The Persistence of the Old Regime

An interesting article in the New York Times argues that there is a “generation gap” when it comes to people’s attitudes towards immigration. The article tells of studies that show that people 45 years or older are much more likely to have anti-immigrant views, while younger people are more likely to have a positive view of immigrants. As the article puts it:

    Boomers and their parents … spent their formative years away from the cities, where newer immigrants tended to gather — unlike today’s young people who have become more involved with immigrants, through college, or by moving to urban areas.

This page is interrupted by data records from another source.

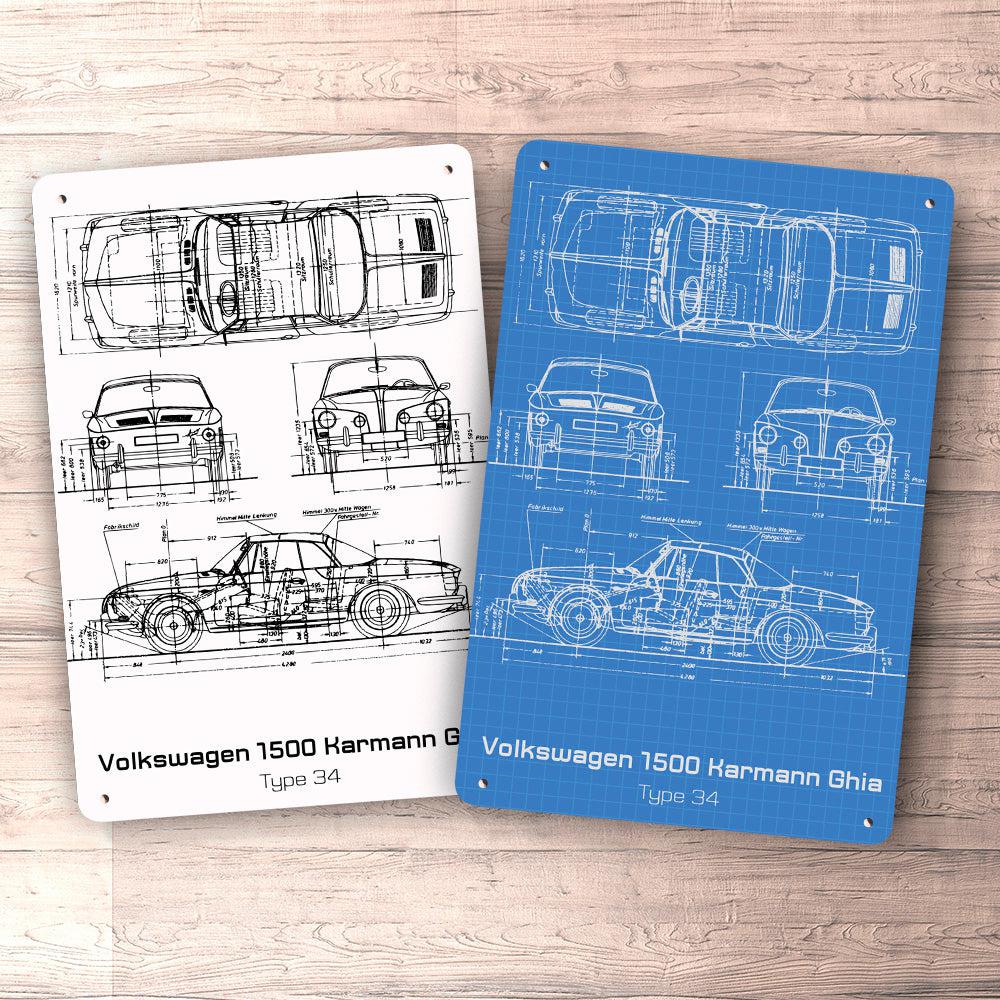 Volkswagen VW Karmann Ghia Type 34 Blueprint Skilte, Musemåtte, Dørmåtte-Blueprint-VW-Garage Culture Shop- garage - man cave - merchandise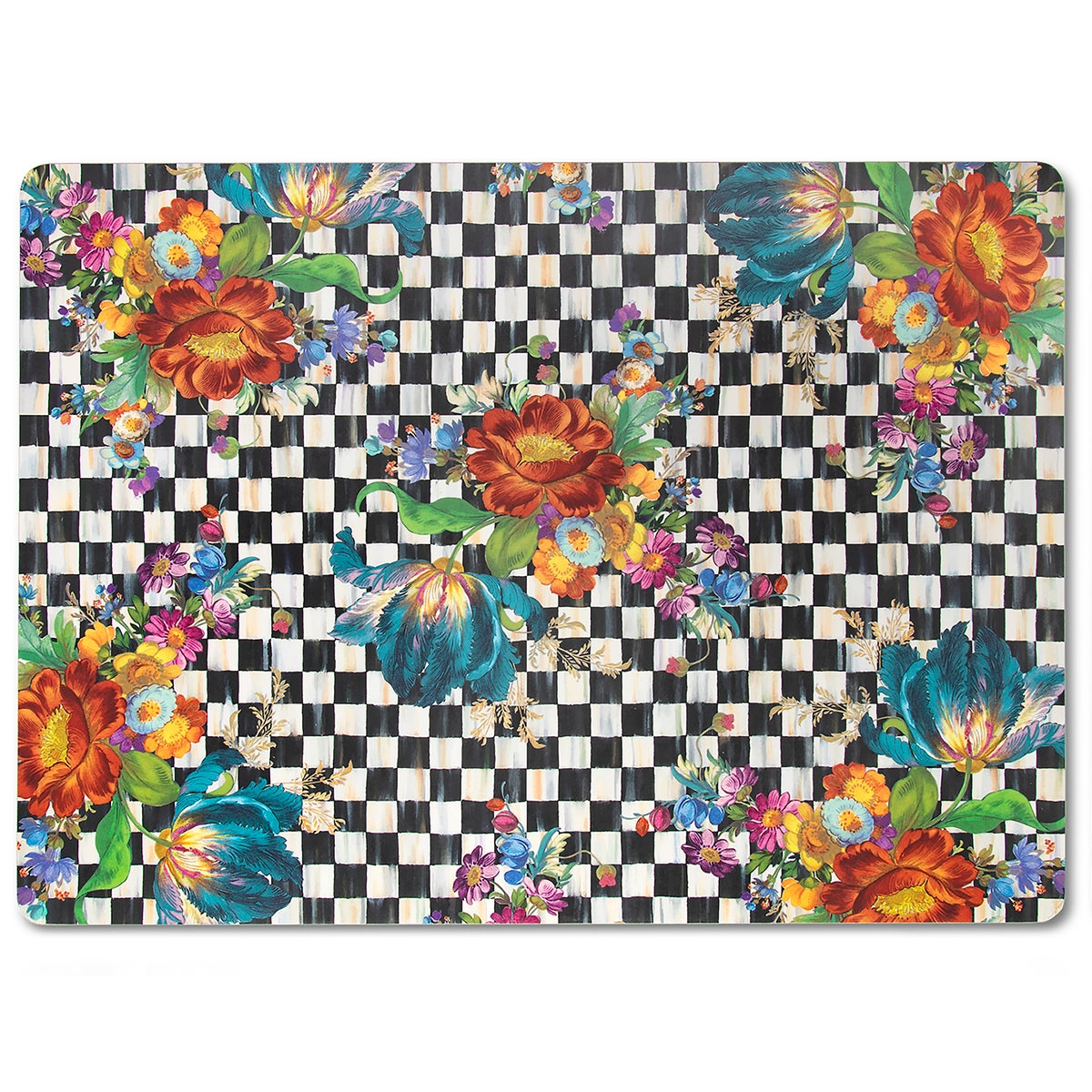 Courtly Flower Market Cork Back Placemats, Set of 4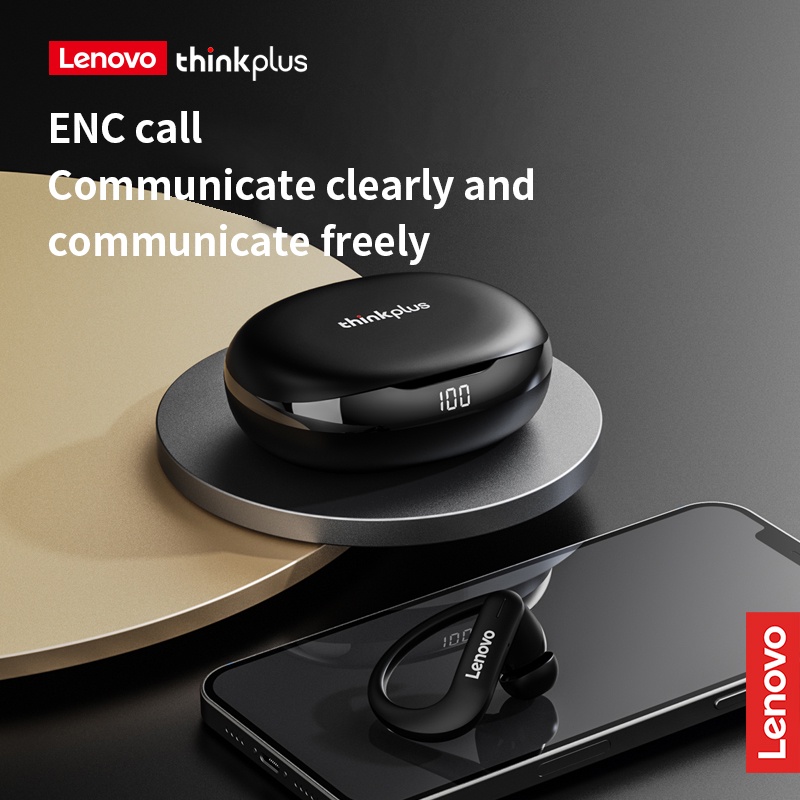 Tai Nghe Thể Thao bluetooth Không Dây Lenovo T50 âm thanh nổi HiFi khử tiếng ồn với micrô và màn hình LED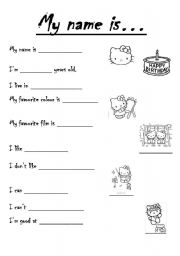 English Worksheet: My name is...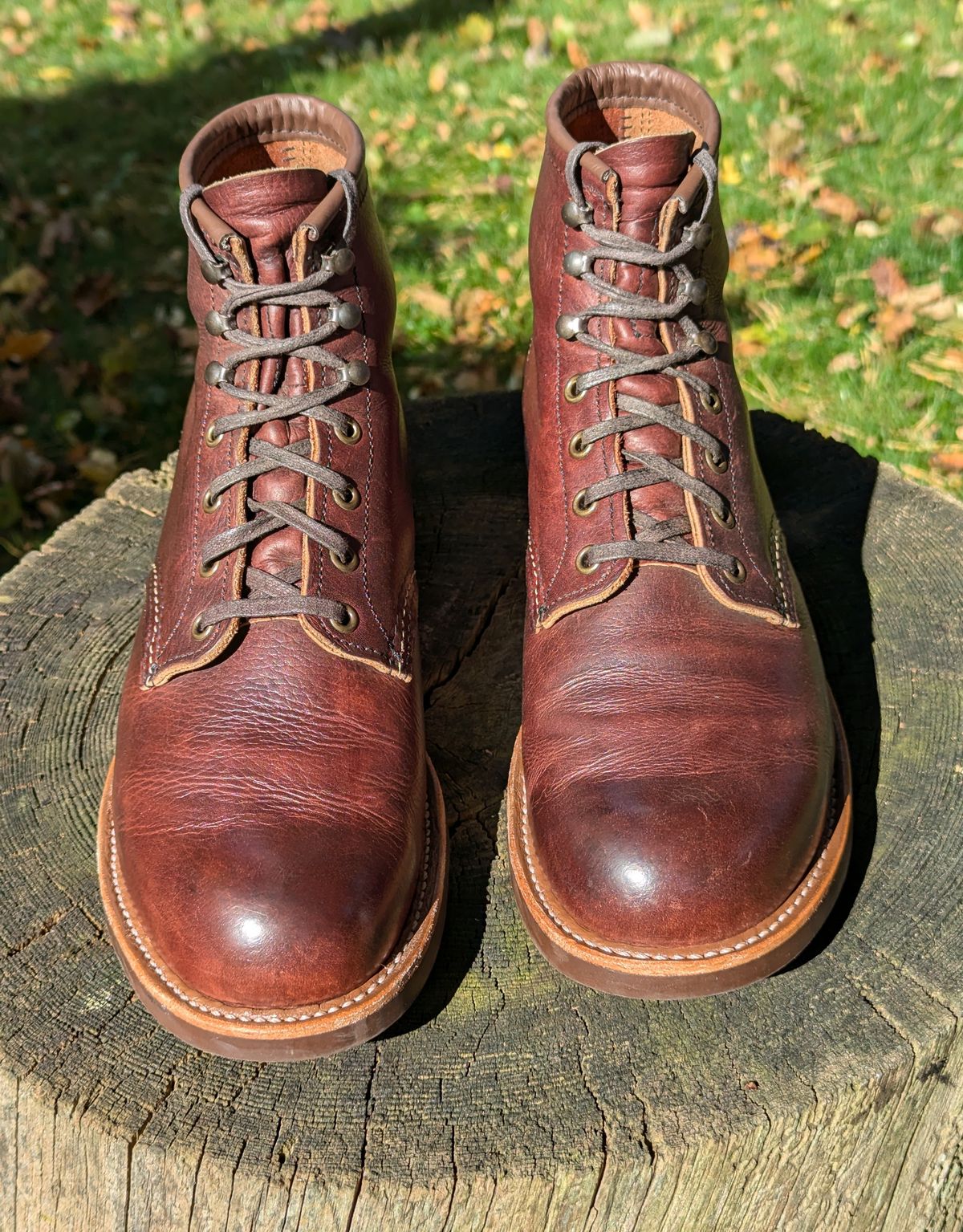 Photo by FunkyColdPatina on November 2, 2024 of the Red Wing Blacksmith in S.B. Foot Briar Oil Slick.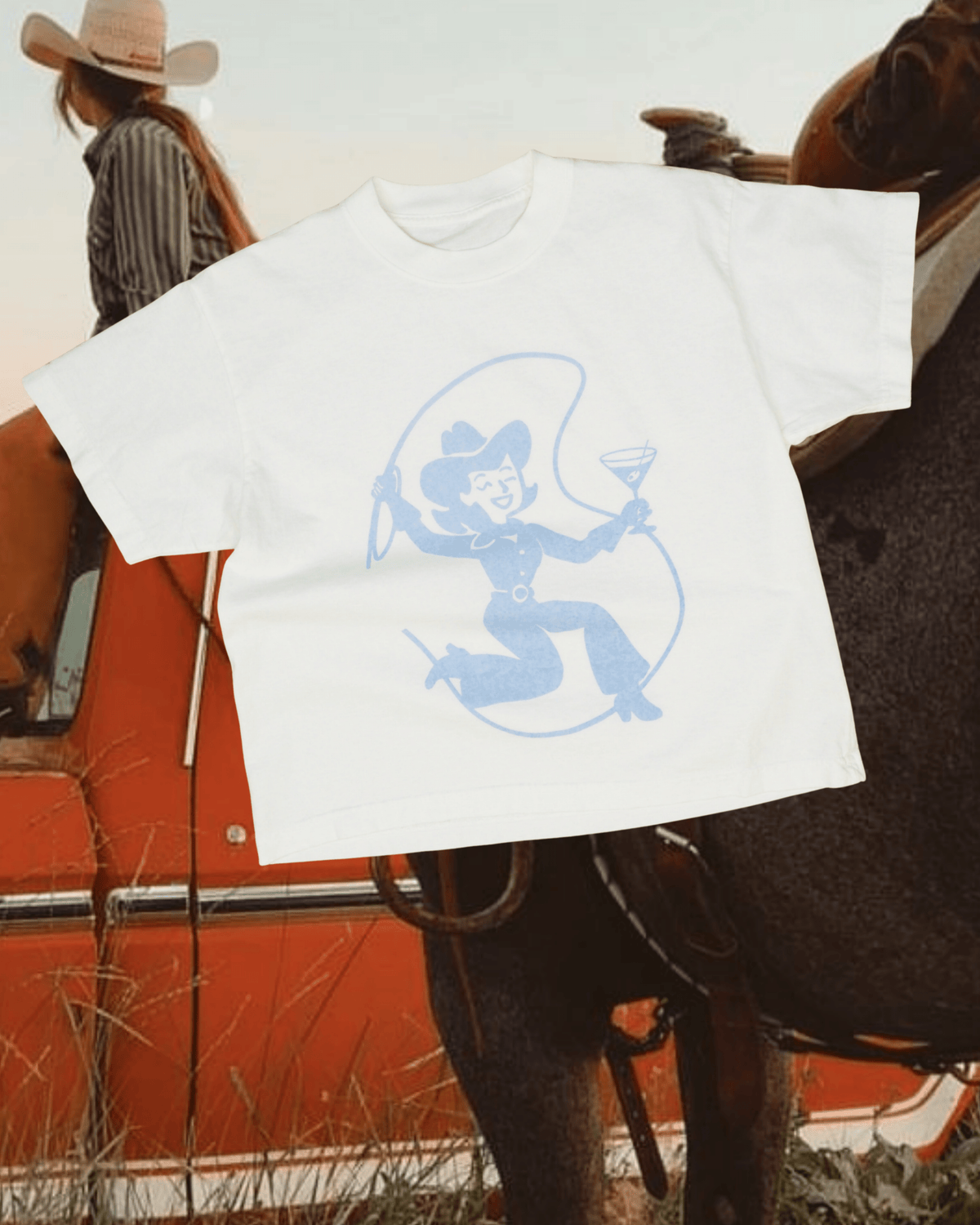 "Cowgirl Cocktail" Wide Tee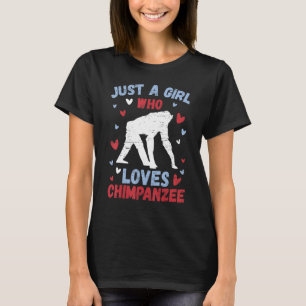 Mädchen, das Schimpansen-Affen liebt, Wildtiere T-Shirt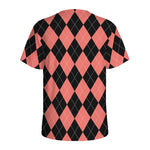 Black And Coral Argyle Pattern Print Men's Sports T-Shirt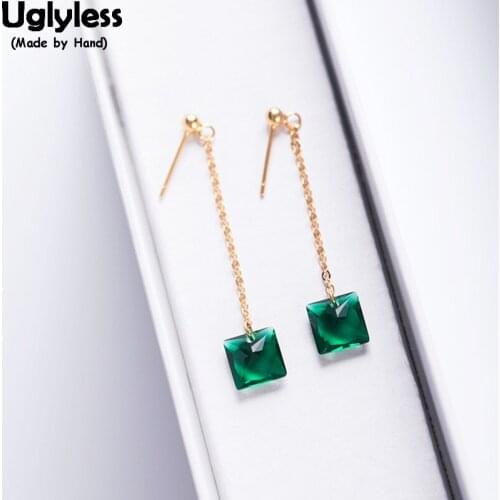 Uglyless 100% Real 925 Sterling Silver Women Summer Dress Wild HOT Earrings Square Zircon Earrings Noble Green Crystal Brincos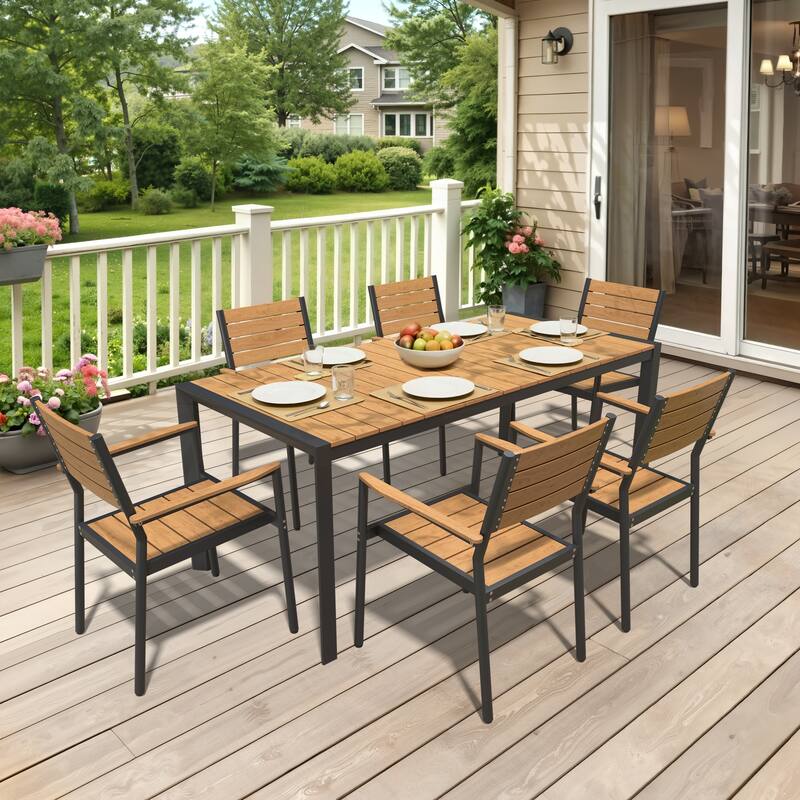 Pellebant Premium Outdoor Patio Aluminum Dining Table with Umbrella Hole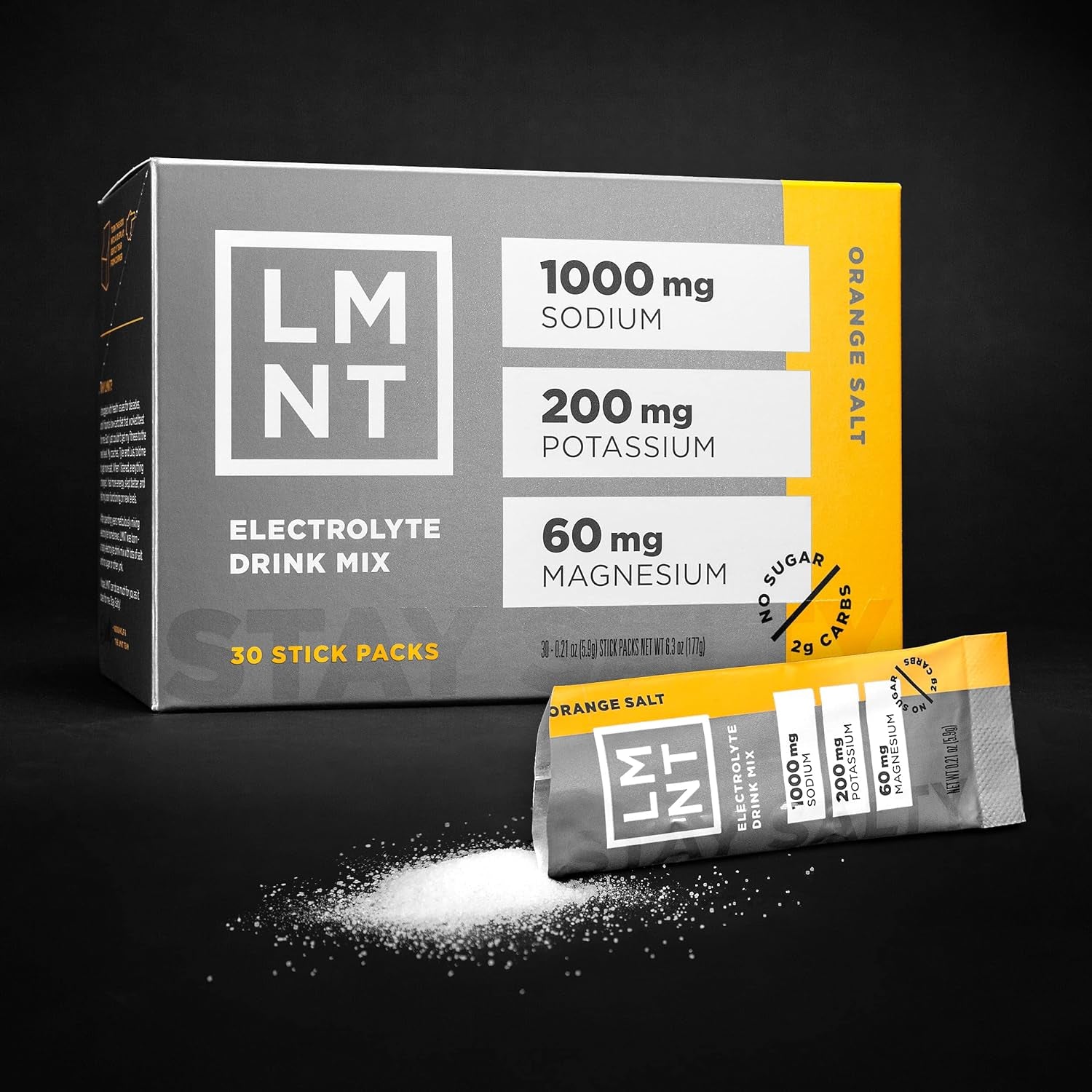 LMNT Keto Electrolyte Powder Packets| Paleo Hydration Powder| No Sugar, No Artificial Ingredients | Orange Salt | 30 Stick Packs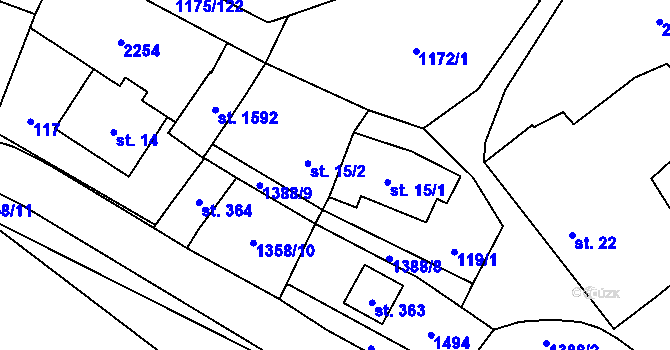 Parcela st. 15/4 v KÚ Vranov nad Dyjí, Katastrální mapa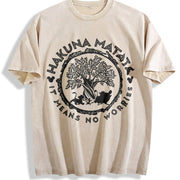 Hakuna Matata Animal Kingdom Lion King Simbba Timonn Vintage Washed T-Shirt in Beige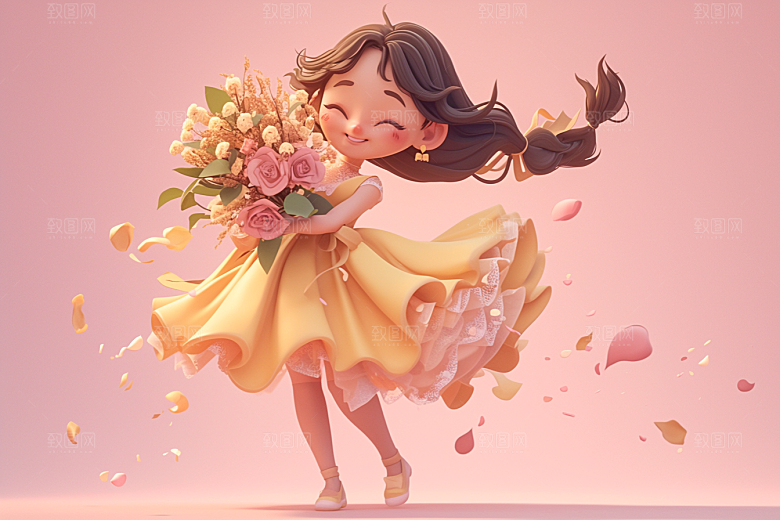 手捧鲜花的少女自然人物素材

    “It’s hard for them to share each others’ views on what’s going on,” said William H. Frey, a demographer with the Brookings Institution. “These older people grew up in largely white suburbs or largely segregated neighborhoods. Young people have grown up in an interracial culture.”

This dovetails with my own observations. I saw anti-immigrant demonstrations when I lived in Southern California, and the people who came to them were mostly old people. Arizona has a large population of retired people. These are the people who elected the Republican legislators who are turning the place into an apartheid police state. These are the same kind of people who support the Tea Party movement. They are angrily lashing out at an America that no longer fits their prejudices.

I grew up in an all-white suburb, and since I have no fond memories of the place, I have no sympathy for people who want to cling to that way of life. We have a generation of Americans who want to spend the final years of their lives pissing all over the rest of us.